If those lights ever went on with the doors or remote you are the first I think.

I am told the Verono has a lamp in between the map lights that does go on under those circumstances....but again, I don't recall any version Cruze that did.

Rob


----------



## S-Fitz (Jul 16, 2012)

Unless the wiring is different on newer Cruze cars, the front map lights never do come on, unless manually turned on. My 2011 has always had the centre dome light as the sole interior light at night. Maybe owners of new cars have different setups now?


----------



## BergSteenz (Feb 25, 2015)

Hm, I guess it's just me being paranoid then. I'll remove the post! Thanks everyone!


----------



## BergSteenz (Feb 25, 2015)

Maybe, but mine is a 2011 like yours.
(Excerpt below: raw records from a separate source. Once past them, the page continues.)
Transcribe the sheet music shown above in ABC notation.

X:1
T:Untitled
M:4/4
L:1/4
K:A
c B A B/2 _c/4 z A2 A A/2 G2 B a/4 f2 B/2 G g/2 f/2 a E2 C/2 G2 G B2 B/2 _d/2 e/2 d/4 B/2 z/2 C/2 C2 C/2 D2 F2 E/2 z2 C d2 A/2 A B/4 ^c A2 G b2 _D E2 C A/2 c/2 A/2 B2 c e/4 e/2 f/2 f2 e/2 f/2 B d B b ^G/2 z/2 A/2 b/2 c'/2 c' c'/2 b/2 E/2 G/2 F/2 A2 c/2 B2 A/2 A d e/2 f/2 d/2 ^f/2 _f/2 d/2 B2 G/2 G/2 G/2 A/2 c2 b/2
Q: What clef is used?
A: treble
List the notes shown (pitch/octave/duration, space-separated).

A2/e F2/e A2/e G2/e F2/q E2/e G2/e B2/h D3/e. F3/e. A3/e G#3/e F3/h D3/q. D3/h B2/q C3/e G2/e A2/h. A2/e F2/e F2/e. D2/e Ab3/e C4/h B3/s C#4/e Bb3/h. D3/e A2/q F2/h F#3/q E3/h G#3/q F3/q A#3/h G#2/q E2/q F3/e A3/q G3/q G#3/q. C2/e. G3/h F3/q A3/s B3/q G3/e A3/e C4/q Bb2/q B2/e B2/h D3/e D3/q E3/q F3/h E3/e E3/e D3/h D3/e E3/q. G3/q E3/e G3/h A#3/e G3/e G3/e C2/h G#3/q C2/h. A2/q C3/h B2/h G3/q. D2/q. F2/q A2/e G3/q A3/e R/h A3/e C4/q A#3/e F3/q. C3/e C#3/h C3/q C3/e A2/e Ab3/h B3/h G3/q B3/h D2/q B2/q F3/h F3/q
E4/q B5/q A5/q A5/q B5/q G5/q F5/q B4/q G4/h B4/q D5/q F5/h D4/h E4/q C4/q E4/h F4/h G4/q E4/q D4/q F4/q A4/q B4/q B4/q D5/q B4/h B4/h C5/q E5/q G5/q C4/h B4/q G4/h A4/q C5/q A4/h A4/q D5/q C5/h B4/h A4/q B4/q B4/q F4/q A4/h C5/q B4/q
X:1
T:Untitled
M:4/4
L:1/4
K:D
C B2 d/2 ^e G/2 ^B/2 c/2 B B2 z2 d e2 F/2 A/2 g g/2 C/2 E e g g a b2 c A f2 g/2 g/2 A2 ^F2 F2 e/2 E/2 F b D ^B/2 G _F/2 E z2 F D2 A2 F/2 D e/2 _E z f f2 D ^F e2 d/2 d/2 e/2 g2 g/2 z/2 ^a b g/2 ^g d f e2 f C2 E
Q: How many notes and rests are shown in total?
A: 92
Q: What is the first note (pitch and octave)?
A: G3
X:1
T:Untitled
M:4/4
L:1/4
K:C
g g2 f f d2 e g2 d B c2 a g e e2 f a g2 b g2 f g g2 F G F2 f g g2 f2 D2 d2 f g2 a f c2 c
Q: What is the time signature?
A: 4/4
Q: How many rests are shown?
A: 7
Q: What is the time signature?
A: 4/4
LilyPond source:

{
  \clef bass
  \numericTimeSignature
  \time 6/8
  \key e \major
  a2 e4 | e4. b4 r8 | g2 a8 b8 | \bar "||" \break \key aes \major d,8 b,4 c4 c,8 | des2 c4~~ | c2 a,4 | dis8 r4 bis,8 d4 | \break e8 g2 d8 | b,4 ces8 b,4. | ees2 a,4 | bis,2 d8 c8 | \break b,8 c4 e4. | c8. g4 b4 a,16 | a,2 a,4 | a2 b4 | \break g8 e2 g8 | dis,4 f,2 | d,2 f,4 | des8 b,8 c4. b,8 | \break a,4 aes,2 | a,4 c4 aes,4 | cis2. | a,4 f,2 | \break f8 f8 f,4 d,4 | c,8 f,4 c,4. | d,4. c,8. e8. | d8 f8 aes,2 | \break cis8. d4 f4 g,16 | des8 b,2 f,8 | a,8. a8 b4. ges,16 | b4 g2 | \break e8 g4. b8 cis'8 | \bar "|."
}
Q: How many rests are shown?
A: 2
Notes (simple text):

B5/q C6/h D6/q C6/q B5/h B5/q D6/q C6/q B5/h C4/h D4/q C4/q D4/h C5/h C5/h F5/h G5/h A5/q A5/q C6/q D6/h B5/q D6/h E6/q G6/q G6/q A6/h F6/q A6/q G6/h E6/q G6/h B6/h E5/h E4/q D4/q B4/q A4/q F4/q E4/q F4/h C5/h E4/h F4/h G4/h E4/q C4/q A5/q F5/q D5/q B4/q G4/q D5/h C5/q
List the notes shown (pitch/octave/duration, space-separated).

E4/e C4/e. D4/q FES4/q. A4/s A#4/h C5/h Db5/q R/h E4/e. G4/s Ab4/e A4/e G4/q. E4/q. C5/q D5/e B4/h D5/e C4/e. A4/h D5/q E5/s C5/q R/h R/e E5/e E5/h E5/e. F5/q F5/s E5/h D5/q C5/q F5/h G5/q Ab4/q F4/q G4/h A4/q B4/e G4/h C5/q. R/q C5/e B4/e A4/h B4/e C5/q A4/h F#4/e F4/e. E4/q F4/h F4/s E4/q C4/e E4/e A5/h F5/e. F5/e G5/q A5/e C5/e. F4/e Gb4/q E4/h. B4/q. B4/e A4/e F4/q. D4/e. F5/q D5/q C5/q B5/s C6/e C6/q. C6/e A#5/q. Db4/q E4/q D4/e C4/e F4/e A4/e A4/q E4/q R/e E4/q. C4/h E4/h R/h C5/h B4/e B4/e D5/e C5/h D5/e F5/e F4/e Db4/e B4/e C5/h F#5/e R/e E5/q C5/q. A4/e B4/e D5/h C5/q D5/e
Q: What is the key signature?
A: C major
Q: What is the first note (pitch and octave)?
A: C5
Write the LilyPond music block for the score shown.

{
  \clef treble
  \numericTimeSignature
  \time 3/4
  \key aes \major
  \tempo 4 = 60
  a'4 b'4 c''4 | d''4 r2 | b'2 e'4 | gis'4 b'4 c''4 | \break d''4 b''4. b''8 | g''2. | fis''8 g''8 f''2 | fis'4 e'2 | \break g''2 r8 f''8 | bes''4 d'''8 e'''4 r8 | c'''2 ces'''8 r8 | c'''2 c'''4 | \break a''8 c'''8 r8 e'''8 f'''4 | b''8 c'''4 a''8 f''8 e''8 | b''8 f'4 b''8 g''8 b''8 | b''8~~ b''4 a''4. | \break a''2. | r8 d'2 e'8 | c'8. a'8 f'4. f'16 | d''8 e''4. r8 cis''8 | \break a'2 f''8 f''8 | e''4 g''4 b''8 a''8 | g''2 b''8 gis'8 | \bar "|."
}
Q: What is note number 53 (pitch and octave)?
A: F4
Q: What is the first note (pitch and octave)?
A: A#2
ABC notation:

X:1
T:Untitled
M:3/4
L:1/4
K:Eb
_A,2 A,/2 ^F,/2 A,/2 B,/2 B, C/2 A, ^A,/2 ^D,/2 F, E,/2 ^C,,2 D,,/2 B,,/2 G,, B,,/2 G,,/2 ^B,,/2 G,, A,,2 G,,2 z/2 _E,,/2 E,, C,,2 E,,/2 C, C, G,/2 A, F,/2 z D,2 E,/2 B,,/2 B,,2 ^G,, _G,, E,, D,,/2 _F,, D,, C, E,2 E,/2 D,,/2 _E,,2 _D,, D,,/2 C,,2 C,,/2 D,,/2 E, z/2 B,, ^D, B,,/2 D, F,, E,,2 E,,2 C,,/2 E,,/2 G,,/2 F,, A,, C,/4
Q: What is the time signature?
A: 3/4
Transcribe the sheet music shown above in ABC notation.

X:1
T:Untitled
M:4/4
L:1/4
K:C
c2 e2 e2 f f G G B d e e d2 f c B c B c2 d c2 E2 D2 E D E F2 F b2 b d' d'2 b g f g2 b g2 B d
I guess I was just paranoid lol.


----------



## ChevyGuy (Dec 13, 2014)

S-Fitz said:


> Unless the wiring is different on newer Cruze cars, the front map lights never do come on, unless manually turned on.


Same here




S-Fitz said:


> My 2011 has always had the centre dome light as the sole interior light at night. Maybe owners of new cars have different setups now?


My 2013 LTZ has an additional front dome light that sits between the two map lights. The dome light switch is with the front light - not on the center light.

It looks like it might be possible to add a front light to that car. At least the front clear lens is the same as mine. The question is how hard would it be to add the bulb and wiring.


----------



## NickD (Dec 10, 2011)

Ha, who needs map lights with GPS, but is nice the Cruze does have them. More common in a Buick or a Cadillac over the years. In my 2012 2LT, strictly manual.

Can be helpful at times to find that ignition keyhole, but learned a long time ago, have no problems finding that hole if I do not think about it. If I think about it, will be poking all over the place. 

If left on, will stay on, well at least for 20 minutes, got bored waiting for them to turn off. Claim a circuit in the BCM should turn them off to prevent discharging the battery. But I have never tried this, 20 minutes was long enough so switched them off manually. 

Ha, I recall my wife needed them once, grandkids in the back, stop at Macs for a treat, was 4:30 PM and already pitch black dark. So needed that light to find what was in the bag. But do interfere with night vision, so did this when stopped.

If it wasn't for my granddaughter, would have never learned about the 3 way switch on the dome lamp. She was playing with it. See you can turn it off so you don't give away your position. And also saves time to make darn sure it does go off when you lock the car, or may come back to a dead battery. Earlier vehicles with this feature without the battery saver, if this even works, would stay on and wake up to a dead battery. 

92 Deville was famous for this, not only the dome lamps, but all the interior lamps putting a 20 amp load on the battery. With an 80 AH battery, would be stone dead in four hours. They call this a convenience feature.


----------



## Merc6 (Jun 8, 2013)

Yeah the pic is of a 11-12 car, the dome light is crap in those and 13 and up we got a cheaper Verano dome light up front. 

Verano looks like the 13 and up Cruze but has the blue ambient light in the center to light up the center console. 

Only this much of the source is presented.